Desde su estreno en el Tribeca Film Festival la película fue recibida como un fenómeno. En Fantasia, en Montreal, se habló de ella como de una obra que redefine lo que puede ser la animación para adultos. En Europa fue vista como la resurrección de una forma de cine que no teme al silencio ni a la oscuridad. Su elección como candidata de Letonia al Oscar y su presencia en la shortlist de los European Film Awards confirmaron que el mundo estaba preparado para mirar de frente este tipo de fe. La Semana de Terror de Donostia la abrazó como lo que es, una herejía sagrada, un exorcismo en forma de imagen.
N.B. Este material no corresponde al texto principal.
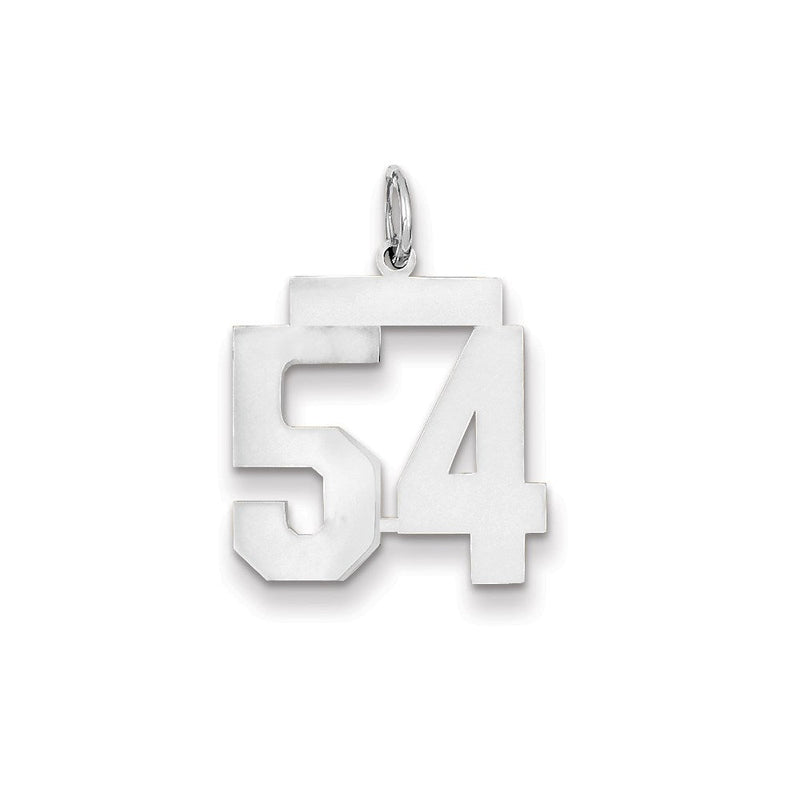 585 Weißgold WG mittelgroßer polierter Zahl-54-Charm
Y llega la conclusión que no es un cierre sino una apertura. Dog of God no es una película sobre el mal ni sobre la religión, es una meditación sobre la responsabilidad de creer. Nos recuerda que el miedo y la fe son hermanos gemelos, que el horror puede ser una vía de conocimiento, que lo monstruoso puede ser humano y lo humano divino. En su oscuridad no hay desesperanza, hay compasión. Los hermanos Abele no juzgan a sus personajes, los acompañan. Miran al pecado como quien mira a un niño perdido. Todo en esta película respira perdón.
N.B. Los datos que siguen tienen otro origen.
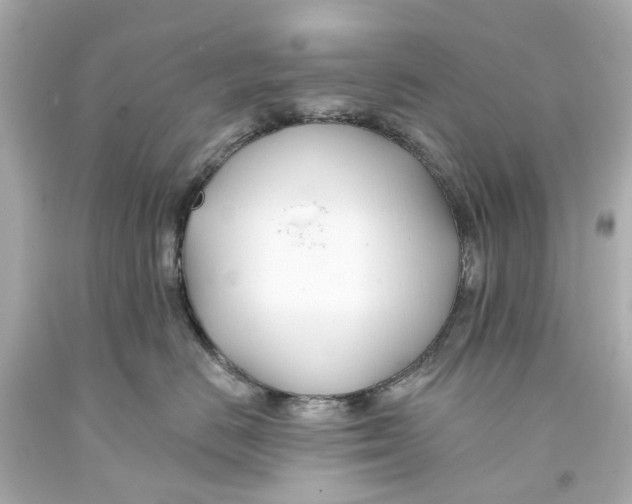 X0000093580670200711051119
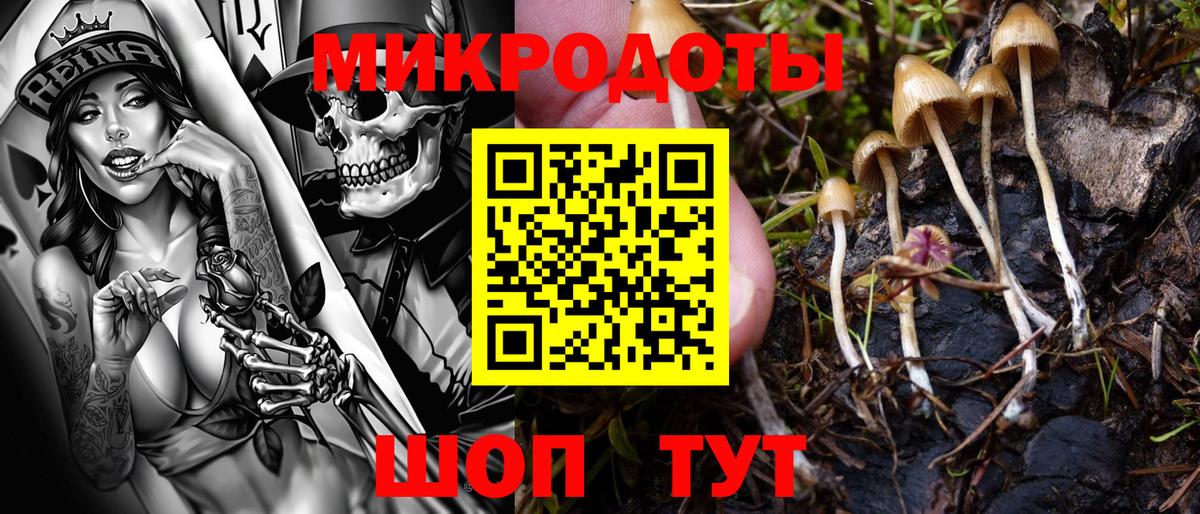 Псилоцибиновые грибы мицелий Балашиха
Cuando termina, el espectador no sabe si ha visto una historia o ha atravesado un rito. La lluvia sigue cayendo, pero ahora parece lavar. El Perro de Dios no es un monstruo, es un guía. Viene a decirnos que no hay salvación fuera del reconocimiento de nuestra sombra. Que el infierno no es un lugar, es una pregunta. Que la redención no llega desde el cielo sino desde la tierra mojada bajo nuestros pies.
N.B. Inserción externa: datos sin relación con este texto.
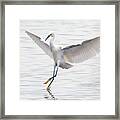 Snowy Egret 7253-012321-2 Framed Print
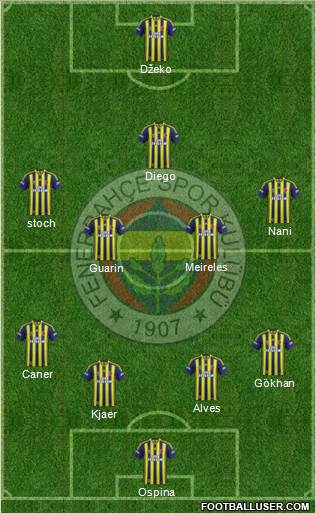 Fenerbahçe SK Formation 2015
Dog of God es una película que no se olvida porque no se puede cerrar. Se queda dentro como un eco, como una semilla. Es cine que purifica a través del miedo, que transforma la oscuridad en conciencia y la culpa en luz. Los hermanos Abele han logrado lo que muy pocos: convertir el horror en plegaria, la animación en teología y la duda en belleza.